North Arrow Closes Non-Brokered C$5M Private Placement Financing
18 May 2017
North Arrow Minerals Inc. (TSXV-NAR) (the "Company") is pleased to announce it has closed the non-brokered private placement announced on May 2, 2017. The Company has issued 20,000,000 units at a price of C$0.25 per unit (the "Units") for aggregate proceeds of C$5,000,000. Each Unit issued under the private placement consisted of one common share in the capital of the Company and one common share purchase warrant (a "Warrant"). Each Warrant entitles the holder thereof to purchase one additional common share of the Company at a price of C$0.40 for a period of three years up to May 18, 2020.
As part of the private placement, Electrum Strategic Opportunities Fund L.P. and Ross Beaty (collectively, the "Purchasers") have each made an investment of $2,000,000, together $4,000,000, towards the private placement. Each of the Purchasers will own 19.01% of North Arrow's outstanding shares on a partially diluted basis assuming the exercise of all Warrants acquired by such Purchaser.

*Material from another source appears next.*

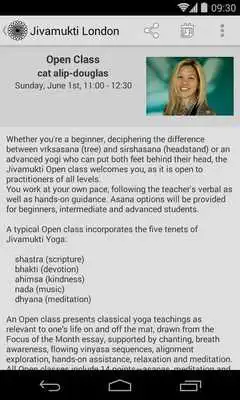 Play Jivamukti Yoga London *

The net proceeds of the private placement will be used for general working capital and to fund the continued evaluation of North Arrow's Canadian diamond exploration properties, including exploration programs at the Naujaat and Mel Diamond Projects, Nunavut, which are expected to commence in June. Insiders of the Company participated in the private placement on the same terms and conditions as arm's length subscribers. All securities issued in the private placement are subject to a hold period expiring on September 19, 2017.